» Work request: Look through the data below and show every line that includes "online".

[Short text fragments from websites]
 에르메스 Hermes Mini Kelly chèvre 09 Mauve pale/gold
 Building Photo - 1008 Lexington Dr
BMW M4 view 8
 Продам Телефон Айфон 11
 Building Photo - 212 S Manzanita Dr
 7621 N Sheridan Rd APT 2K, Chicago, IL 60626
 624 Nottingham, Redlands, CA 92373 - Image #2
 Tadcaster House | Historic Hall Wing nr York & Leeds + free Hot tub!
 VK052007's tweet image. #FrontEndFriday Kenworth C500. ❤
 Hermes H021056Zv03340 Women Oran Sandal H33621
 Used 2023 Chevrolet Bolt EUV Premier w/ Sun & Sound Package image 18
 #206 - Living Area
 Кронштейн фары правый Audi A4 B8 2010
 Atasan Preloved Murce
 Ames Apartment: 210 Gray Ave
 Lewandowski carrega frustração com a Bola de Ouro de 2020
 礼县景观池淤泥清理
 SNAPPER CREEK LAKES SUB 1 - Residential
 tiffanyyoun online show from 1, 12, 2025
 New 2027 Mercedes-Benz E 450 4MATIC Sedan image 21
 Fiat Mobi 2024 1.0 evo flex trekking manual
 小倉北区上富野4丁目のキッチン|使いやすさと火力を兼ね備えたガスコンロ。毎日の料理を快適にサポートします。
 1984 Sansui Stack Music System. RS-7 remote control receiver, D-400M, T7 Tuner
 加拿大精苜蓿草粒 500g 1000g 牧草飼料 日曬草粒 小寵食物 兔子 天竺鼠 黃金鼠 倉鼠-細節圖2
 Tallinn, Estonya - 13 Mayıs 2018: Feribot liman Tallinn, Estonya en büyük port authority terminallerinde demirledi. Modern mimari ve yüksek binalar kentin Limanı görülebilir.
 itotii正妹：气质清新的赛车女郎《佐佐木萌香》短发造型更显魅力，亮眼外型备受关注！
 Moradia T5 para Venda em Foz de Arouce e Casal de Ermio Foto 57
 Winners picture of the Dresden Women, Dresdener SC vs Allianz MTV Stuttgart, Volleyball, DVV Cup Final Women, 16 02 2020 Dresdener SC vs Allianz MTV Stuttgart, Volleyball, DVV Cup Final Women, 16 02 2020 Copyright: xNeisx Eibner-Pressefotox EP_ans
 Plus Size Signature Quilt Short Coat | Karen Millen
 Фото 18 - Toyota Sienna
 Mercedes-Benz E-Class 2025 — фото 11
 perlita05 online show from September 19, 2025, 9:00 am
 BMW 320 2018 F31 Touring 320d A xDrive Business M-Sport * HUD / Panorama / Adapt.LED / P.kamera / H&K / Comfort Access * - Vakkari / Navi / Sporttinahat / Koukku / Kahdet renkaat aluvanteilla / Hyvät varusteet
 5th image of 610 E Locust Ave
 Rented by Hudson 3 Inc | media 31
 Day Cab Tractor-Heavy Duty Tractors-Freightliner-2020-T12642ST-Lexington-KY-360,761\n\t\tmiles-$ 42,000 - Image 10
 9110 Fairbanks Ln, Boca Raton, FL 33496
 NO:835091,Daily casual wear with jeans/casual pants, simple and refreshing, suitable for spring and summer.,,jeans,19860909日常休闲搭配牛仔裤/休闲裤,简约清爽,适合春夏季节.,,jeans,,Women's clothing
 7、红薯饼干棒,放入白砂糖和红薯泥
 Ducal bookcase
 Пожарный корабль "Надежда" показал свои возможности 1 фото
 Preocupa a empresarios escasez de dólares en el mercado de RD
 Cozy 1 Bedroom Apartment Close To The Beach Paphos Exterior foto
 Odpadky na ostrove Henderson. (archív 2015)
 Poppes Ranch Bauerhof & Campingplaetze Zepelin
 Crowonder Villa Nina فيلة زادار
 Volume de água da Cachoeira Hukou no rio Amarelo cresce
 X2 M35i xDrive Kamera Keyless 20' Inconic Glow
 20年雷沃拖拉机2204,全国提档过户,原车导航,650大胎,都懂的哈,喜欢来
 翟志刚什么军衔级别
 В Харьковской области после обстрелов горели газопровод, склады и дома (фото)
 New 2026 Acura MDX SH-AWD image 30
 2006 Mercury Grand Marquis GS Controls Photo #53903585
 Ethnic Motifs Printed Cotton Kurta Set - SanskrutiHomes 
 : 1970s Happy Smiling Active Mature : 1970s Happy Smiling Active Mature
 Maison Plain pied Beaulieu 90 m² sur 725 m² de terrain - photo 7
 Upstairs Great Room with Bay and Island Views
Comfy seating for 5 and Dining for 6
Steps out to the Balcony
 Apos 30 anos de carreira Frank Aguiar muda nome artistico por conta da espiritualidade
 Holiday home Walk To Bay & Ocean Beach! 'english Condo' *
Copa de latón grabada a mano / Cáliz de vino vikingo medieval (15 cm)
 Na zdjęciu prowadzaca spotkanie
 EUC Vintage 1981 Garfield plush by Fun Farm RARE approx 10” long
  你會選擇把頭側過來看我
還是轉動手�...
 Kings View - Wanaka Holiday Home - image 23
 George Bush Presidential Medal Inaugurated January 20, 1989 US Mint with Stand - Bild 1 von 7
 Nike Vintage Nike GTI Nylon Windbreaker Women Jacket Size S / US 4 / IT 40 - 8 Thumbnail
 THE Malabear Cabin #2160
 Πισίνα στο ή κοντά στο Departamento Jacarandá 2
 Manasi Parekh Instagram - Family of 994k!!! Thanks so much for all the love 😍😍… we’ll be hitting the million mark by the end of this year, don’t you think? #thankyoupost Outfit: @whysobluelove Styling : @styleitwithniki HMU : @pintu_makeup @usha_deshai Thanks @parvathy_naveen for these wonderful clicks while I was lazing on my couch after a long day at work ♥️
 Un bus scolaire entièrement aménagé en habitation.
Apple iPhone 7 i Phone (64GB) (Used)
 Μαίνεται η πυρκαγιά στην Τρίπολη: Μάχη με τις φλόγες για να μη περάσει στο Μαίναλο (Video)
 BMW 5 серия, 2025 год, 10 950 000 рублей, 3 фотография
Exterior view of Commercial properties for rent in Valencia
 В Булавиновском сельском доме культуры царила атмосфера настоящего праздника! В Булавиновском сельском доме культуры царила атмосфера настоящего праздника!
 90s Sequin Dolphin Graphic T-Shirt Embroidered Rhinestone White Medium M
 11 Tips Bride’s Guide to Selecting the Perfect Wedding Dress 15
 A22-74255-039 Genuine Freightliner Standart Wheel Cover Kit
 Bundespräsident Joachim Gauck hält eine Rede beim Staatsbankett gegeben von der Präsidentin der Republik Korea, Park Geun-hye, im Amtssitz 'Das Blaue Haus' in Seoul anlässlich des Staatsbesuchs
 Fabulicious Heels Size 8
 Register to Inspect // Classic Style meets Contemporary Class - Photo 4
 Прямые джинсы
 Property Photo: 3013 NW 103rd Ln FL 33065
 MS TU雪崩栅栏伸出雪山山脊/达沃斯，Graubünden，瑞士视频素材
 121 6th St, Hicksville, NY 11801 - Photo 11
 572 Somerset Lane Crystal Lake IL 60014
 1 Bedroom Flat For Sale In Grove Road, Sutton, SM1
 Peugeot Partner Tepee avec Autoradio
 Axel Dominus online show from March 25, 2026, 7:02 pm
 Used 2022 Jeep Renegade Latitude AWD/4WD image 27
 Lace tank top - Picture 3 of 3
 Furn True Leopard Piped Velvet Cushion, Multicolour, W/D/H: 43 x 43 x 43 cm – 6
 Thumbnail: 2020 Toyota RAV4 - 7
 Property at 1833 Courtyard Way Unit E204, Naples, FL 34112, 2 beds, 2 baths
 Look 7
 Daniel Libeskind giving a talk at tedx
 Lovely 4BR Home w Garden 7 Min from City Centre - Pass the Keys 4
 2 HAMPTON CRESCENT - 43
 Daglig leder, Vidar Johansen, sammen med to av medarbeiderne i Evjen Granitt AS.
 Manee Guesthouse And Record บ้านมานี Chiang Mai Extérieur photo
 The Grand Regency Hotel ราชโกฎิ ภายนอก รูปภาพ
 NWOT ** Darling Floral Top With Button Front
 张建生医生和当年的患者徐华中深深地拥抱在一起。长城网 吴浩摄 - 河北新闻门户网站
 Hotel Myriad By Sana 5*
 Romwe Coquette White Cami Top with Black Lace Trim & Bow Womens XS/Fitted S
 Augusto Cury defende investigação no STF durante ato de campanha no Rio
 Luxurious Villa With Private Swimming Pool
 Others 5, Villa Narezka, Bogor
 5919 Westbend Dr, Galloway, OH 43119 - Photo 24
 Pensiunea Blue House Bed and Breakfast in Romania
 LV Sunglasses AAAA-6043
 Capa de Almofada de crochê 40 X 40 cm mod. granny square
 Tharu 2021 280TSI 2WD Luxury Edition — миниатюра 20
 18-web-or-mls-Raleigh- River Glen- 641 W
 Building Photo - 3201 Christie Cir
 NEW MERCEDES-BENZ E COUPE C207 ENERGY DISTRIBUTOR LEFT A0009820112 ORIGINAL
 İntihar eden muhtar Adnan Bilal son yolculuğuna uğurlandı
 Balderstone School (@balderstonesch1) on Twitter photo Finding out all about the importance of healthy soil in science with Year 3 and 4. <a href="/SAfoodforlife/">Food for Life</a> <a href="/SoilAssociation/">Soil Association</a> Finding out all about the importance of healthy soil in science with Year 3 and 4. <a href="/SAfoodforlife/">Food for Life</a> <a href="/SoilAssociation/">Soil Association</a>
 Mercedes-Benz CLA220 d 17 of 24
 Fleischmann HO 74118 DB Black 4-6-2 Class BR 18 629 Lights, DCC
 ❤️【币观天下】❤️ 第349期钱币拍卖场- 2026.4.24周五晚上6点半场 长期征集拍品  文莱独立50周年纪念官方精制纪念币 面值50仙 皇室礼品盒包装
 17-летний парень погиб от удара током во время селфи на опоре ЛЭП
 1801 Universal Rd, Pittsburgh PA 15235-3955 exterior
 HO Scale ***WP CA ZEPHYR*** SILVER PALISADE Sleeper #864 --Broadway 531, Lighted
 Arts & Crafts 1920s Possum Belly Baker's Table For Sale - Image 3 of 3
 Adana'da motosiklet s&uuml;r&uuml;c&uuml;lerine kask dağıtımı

» Task output:
 tiffanyyoun online show from 1, 12, 2025
 perlita05 online show from September 19, 2025, 9:00 am
 Axel Dominus online show from March 25, 2026, 7:02 pm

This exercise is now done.